───── Data records ─────

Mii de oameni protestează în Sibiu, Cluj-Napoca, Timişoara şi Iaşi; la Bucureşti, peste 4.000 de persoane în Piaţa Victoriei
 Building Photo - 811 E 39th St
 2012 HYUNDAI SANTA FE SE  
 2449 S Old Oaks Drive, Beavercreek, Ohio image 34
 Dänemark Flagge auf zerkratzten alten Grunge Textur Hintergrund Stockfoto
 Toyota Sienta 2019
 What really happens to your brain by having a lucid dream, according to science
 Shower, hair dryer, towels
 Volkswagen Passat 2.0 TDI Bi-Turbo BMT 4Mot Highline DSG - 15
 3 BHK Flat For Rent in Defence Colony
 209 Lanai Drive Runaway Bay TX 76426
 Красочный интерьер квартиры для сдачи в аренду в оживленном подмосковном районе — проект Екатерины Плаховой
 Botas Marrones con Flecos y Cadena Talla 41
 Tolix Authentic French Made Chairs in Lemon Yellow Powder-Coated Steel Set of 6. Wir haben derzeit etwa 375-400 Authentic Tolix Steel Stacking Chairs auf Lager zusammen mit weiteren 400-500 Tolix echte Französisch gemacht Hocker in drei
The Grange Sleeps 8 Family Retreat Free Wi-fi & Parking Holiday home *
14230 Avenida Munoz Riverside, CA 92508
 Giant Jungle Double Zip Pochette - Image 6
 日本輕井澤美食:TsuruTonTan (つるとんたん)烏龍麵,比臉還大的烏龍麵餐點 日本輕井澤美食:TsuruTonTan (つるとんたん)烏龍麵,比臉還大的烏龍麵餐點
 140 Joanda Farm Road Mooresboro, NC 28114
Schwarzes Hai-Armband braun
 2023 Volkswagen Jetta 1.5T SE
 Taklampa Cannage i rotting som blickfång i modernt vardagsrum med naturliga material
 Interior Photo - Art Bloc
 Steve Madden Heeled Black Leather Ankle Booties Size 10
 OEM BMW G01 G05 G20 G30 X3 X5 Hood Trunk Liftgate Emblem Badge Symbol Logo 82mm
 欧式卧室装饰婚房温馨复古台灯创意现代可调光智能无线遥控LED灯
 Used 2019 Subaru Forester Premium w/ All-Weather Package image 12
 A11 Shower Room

─────

◆ **Work item**
Copy each line above holding "Volkswagen".

◆ **Result of this task**
 Volkswagen Passat 2.0 TDI Bi-Turbo BMT 4Mot Highline DSG - 15
 2023 Volkswagen Jetta 1.5T SE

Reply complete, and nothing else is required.